|Title||Unearthing the transition rates between photoreceptor conformers|
|Author(s)||Smith, Robert W.; Helwig, Britta; Westphal, Adrie H.; Pel, Eran; Hörner, Maximilian; Beyer, Hannes M.; Samodelov, Sophia L.; Weber, Wilfried; Zurbriggen, Matias D.; Borst, Janwillem; Fleck, Christian|
|Source||BMC Systems Biology 10 (2016)1. - ISSN 1752-0509|
CS Raad van Toezicht
Systems and Synthetic Biology
|Publication type||Refereed Article in a scientific journal|
|Keyword(s)||Optimisation - Optogenetics - Photoconversion - Phytochromes|
Background: Obtaining accurate estimates of biological or enzymatic reaction rates is critical in understanding the design principles of a network and how biological processes can be experimentally manipulated on demand. In many cases experimental limitations mean that some enzymatic rates cannot be measured directly, requiring mathematical algorithms to estimate them. Here, we describe a methodology that calculates rates at which light-regulated proteins switch between conformational states. We focus our analysis on the phytochrome family of photoreceptors found in cyanobacteria, plants and many optogenetic tools. Phytochrome proteins change between active (P A ) and inactive (P I ) states at rates that are proportional to photoconversion cross-sections and influenced by light quality, light intensity, thermal reactions and dimerisation. This work presents a method that can accurately calculate these photoconversion cross-sections in the presence of multiple non-light regulated reactions. Results: Our approach to calculating the photoconversion cross-sections comprises three steps: i) calculate the thermal reversion reaction rate(s); ii) develop search spaces from which all possible sets of photoconversion cross-sections exist, and iii) estimate extinction coefficients that describe our absorption spectra. We confirm that the presented approach yields accurate results through the use of simulated test cases.
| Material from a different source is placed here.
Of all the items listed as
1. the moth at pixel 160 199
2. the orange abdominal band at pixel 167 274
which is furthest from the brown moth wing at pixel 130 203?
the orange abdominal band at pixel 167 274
Our test cases were further expanded to more realistic scenarios where noise, multiple thermal reactions and dimerisation are considered. Finally, we present the photoconversion cross-sections of an Arabidopsis phyB N-terminal fragment commonly used in optogenetic tools. Conclusions: The calculation of photoconversion cross-sections has implications for both photoreceptor and synthetic biologists. Our method allows, for the first time, direct comparisons of photoconversion cross-sections and response speeds of photoreceptors in different cellular environments and synthetic tools. Due to the generality of our procedure, as shown by the application to multiple test cases, the photoconversion cross-sections and quantum yields of any photoreceptor might now, in principle, be obtained.